A couple who crisscrossed the country and stole $173,900 from the bank accounts of strangers by impersonating them using stolen identification have been sentenced to federal prison.

Darrell Prince, 60, and co-defendant Kimberly Jones, 57, both of California, hit banks in at least 10 states, including Oregon and Washington, according to prosecutors.

Prince pleaded guilty to bank fraud and aggravated identity theft and was sentenced Thursday to six years and three months in prison. Jones, who was sentenced in April, received three years and six months.

They would obtain fake driver’s licenses with victim information, as well as bank-account numbers, transaction histories, dates of birth and other personal profile information of account holders. Prince, sometimes accompanied by Jones, then would go into a bank branch, pass himself off as an account holder and try to withdraw cash from the account.

The two successfully withdrew $144,600 from Bank of America and $29,300 from Wells Fargo, according to Assistant U.S. Attorney Quinn Harrington.

Eventually, one of the banks caught on to the scheme and alerted police when Prince tried to withdraw cash in Vancouver, Washington, in the summer of 2018.


On July 17, 2018, Prince flew from Los Angeles to Portland. He and his co-defendant checked into a hotel in Portland and then hit several banks, according to court documents.

The next day, Prince went to a Wells Fargo bank at 1405 Lloyd Center, where he tried to withdraw $4,500 from someone’s account.

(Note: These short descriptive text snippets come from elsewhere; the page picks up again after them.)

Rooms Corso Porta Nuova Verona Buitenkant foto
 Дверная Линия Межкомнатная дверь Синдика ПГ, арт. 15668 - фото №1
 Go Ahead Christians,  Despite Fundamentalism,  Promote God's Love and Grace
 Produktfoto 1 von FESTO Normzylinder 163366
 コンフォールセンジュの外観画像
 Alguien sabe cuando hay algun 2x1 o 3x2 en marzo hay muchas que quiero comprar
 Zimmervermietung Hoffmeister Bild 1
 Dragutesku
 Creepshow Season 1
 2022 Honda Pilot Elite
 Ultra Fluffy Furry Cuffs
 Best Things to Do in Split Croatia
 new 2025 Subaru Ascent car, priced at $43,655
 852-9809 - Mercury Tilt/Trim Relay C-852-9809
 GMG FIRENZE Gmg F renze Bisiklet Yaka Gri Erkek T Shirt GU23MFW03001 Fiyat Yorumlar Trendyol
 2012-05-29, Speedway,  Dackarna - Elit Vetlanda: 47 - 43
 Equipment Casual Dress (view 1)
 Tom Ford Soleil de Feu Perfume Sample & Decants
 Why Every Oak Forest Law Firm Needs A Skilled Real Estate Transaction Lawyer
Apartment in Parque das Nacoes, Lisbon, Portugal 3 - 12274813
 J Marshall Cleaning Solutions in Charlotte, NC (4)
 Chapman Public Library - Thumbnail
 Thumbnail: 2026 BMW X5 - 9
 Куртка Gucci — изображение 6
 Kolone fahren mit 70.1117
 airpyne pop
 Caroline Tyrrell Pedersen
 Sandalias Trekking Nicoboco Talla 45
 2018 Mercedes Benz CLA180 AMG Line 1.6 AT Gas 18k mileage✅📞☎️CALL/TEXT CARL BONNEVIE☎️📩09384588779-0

He presented a bank-account number and a fake California driver’s license with his photo and the name of the account holder on it.

On July 19, the two were arrested when they tried to withdraw cash from another person’s account at a Wells Fargo Bank branch in Vancouver.

Prince was found with six forged California ID cards with other people’s names on them, his and Jones’ photos and numerous pieces of paper filled with names and identifying information of other victims.

In a written statement to the court, one unidentified victim described the “countless hours” spent on the phone trying to resolve the fraud, process new accounts, change every user name and password and replace a driver’s license after discovering two unauthorized withdrawals totaling about $15,000 made from a personal Bank of America savings account.

An investigation is continuing into the source of the stolen identifications.


Prince’s lawyer, Jamie Kilberg, said his client was homeless during most of the last decade before his arrest and his crimes were fueled by a cocaine addiction.

“This is not someone who was rolling in money,” Kilberg said. The money Prince stole cycled back to feed his addiction, Kilberg said.

The prosecutor sought a sentence of eight years and five months for Prince. Kilberg argued for four years.

U.S. District Judge Michael W. Mosman acknowledged that Prince was largely driven by his drug use and was a “bit player in a large scheme and profited little from his involvement.”

But the judge said he found Prince’s failures to appear in court and his arrest in California for driving with a suspended license while on pretrial release troubling, showing an “unrelenting” criminal history.

Jones was sentenced in April by U.S. District Judge Marco A. Hernandez.